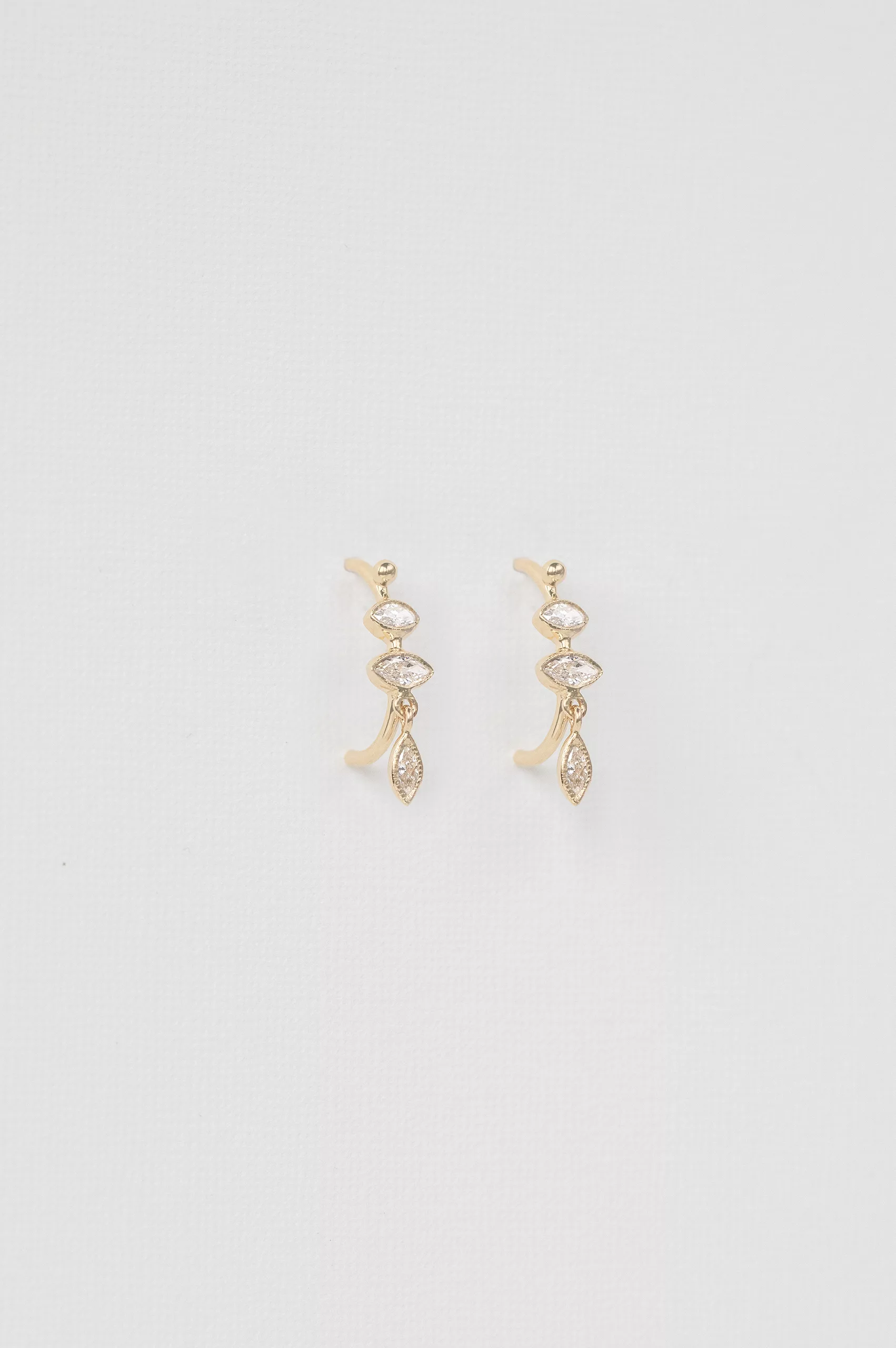 Yellow gold hoop earrings marquise diamond dangling diamond leaf drops pair Celine Daoust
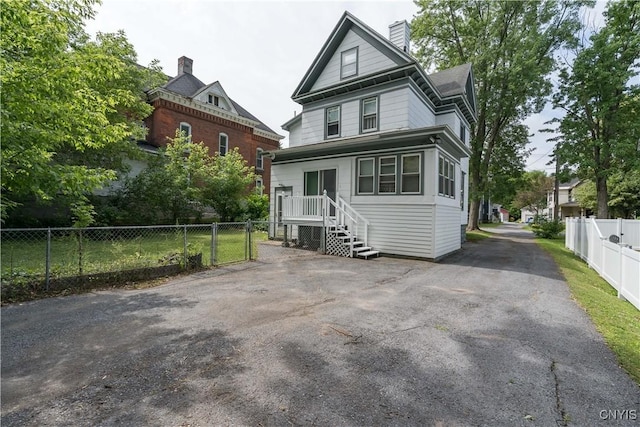 210 N James St, Wilna, NY 13619 - view of front of home featuring a chimney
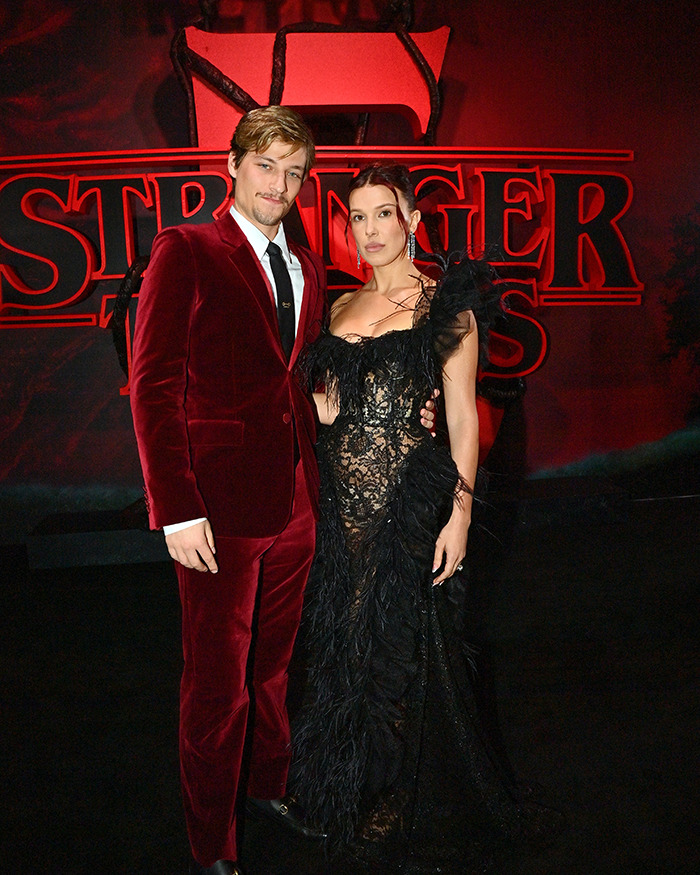 Jake Bongiovi wearing red velvet suit and a woman in black lace dress posing at Stranger Things event. Jake Bongiovi wearing red velvet suit and a woman in black lace dress posing at Stranger Things event.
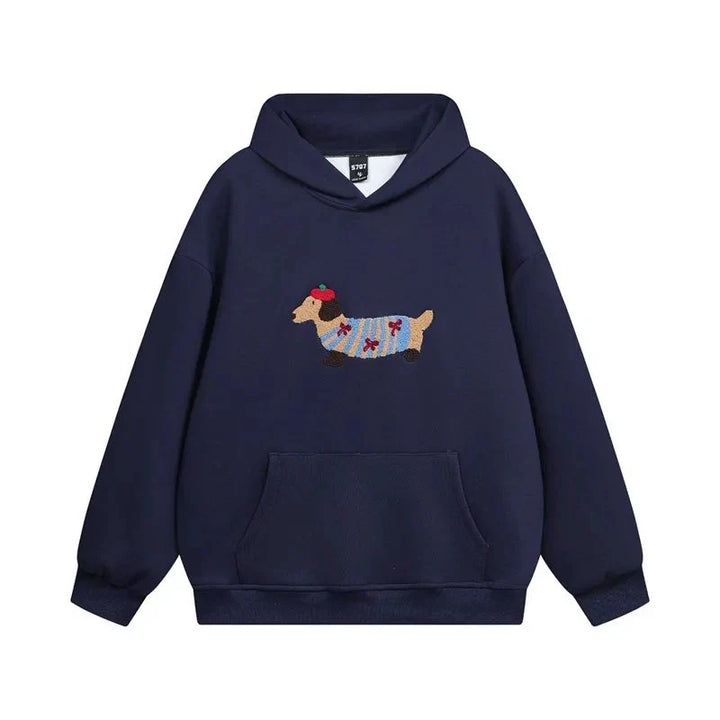 Close-up of embroidered dachshund detail on grey hoodie chest with adjustable drawstring hood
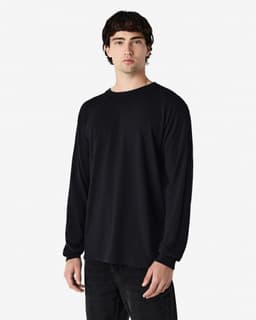 A model wearing a black Gildan Heavy Cotton adult long sleeve T-shirt. The shirt features a simple design and a logo.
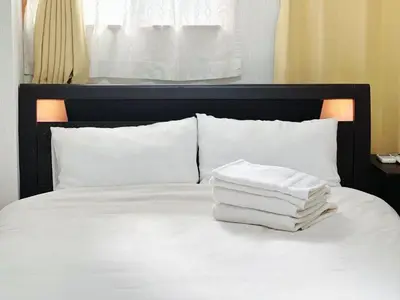 a pile of towels sitting on top of a bed at \u6dfa\u590f\u9928Asakakan2 in Tokyo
════════
WORK TASK: Leave the pictures out, and reproduce only the lines from the line holding "A model wearing" through the last line of the material, both included.

SOLUTION FOR THIS EXERCISE:
 A model wearing a black Gildan Heavy Cotton adult long sleeve T-shirt. The shirt features a simple design and a logo.
 a pile of towels sitting on top of a bed at \u6dfa\u590f\u9928Asakakan2 in Tokyo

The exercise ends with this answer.